Vipparla Chandrakanth, Krock Timothy, Nouduri Koundinya, Fraser Joshua, AliAkbarpour Hadi, Sagan Vasit, Cheng Jing-Ru C, Kannappan Palaniappan
Department of Electrical and Computer Engineering, University of Missouri, Columbia, MO 65211, USA.
Department of Computer Science, Saint Louis University, St. Louis, MO 63103, USA.
Sensors (Basel). 2024 Dec 23;24(24):8217. doi: 10.3390/s24248217.

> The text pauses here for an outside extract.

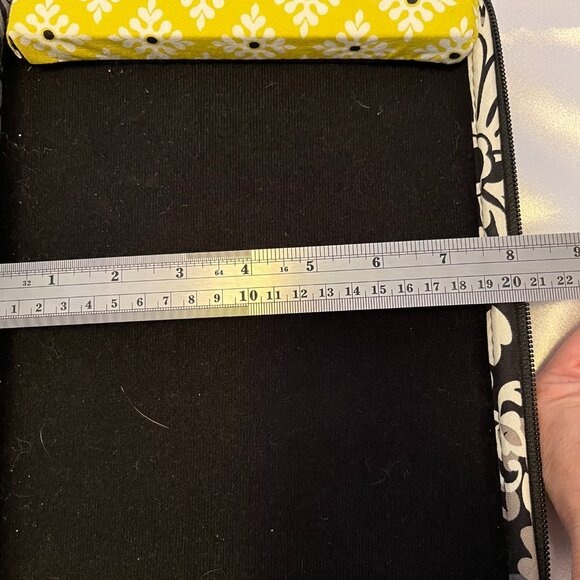 Vera Bradley Hard Shell Tablet Case – Retired “Baroque” Pattern – Crossbody - Picture 12 of 16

Multi-modal systems extract information about the environment using specialized sensors that are optimized based on the wavelength of the phenomenology and material interactions. To maximize the entropy, complementary systems operating in regions of non-overlapping wavelengths are optimal. VIS-IR (Visible-Infrared) systems have been at the forefront of multi-modal fusion research and are used extensively to represent information in all-day all-weather applications. Prior to image fusion, the image pairs have to be properly registered and mapped to a common resolution palette. However, due to differences in the device physics of image capture, information from VIS-IR sensors cannot be directly correlated, which is a major bottleneck for this area of research. In the absence of camera metadata, image registration is performed manually, which is not practical for large datasets. Most of the work published in this area assumes calibrated sensors and the availability of camera metadata providing registered image pairs, which limits the generalization capability of these systems. In this work, we propose a novel end-to-end pipeline termed for image registration and fusion. Firstly, we design a recursive crop and scale wavelet spectral decomposition (WSD) algorithm for automatically extracting the patch of visible data representing the thermal information. After data extraction, both the images are registered to a common resolution palette and forwarded to the DNN for image fusion. The fusion performance of the proposed pipeline is compared and quantified with state-of-the-art classical and DNN architectures for open-source and custom datasets demonstrating the efficacy of the pipeline. Furthermore, we also propose a novel keypoint-based metric for quantifying the quality of fused output.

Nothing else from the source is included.